Sean Penn, while known for the work he has done in Haiti, seems oddly a fan of both the Cuban dictatorship and the increasingly autocratic government in Venezuela. Having met both Hugo Chavez and Raul Castro, Penn has fostered a personal relationship with both strongmen and has published stories defending them while glossing over voluminous evidence of human rights violations. Penn's assessment of Chavez's saintliness is such that he has suggested American journalists be sent to prison whenever they refer to Chavez as a "dictator." Penn also claims that Fidel Castro's Communist Party would "win 80 percent of the election." He seems to conveniently forget that we would never know since there are no such things as free elections in Cuba—a police state.

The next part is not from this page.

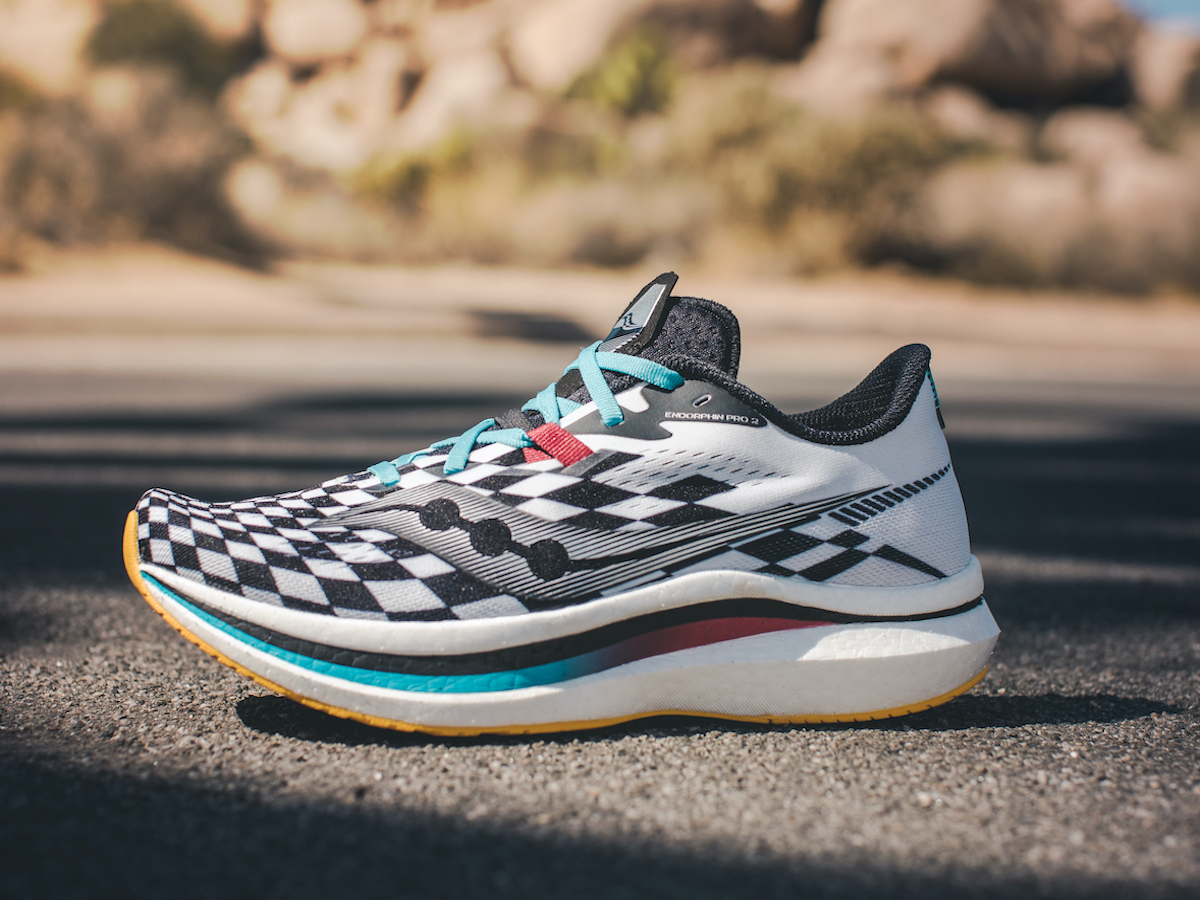 Saucony Endorphine Pro2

Lethal Weapon star Danny Glover is another actor enamored with the Cuban regime. He has spoken out repeatedly in defense of Cuba's dictator-duo, the Castro brothers. In addition, he has frequently flown to New York for photo opportunities with Hugo Chavez. A $20M cash payment to his film company from the Venezuelan government may explain his blind allegiance to a government that repeatedly denies journalists and artists the rights that Glover enjoys in the United States.

4) Wyclef Jean

Haitian musician and one-time presidential candidate Wyclef Jean rose to support his people during the 2010 Haiti earthquake. He urged donations to his charity Yele Haiti, but it was later disclosed that Jean had been misappropriating and mismanaging the foundation's funds for several years. Jean vowed to change his ways and "use the new earthquake donations responsibly." However, The New York Post discovered, after examining his 2010 tax return, that Jean had reverted to "the same old self-dealing and shady accounting" despite his promises of integrity and honesty. Wyclef responds that the charity has "made mistakes."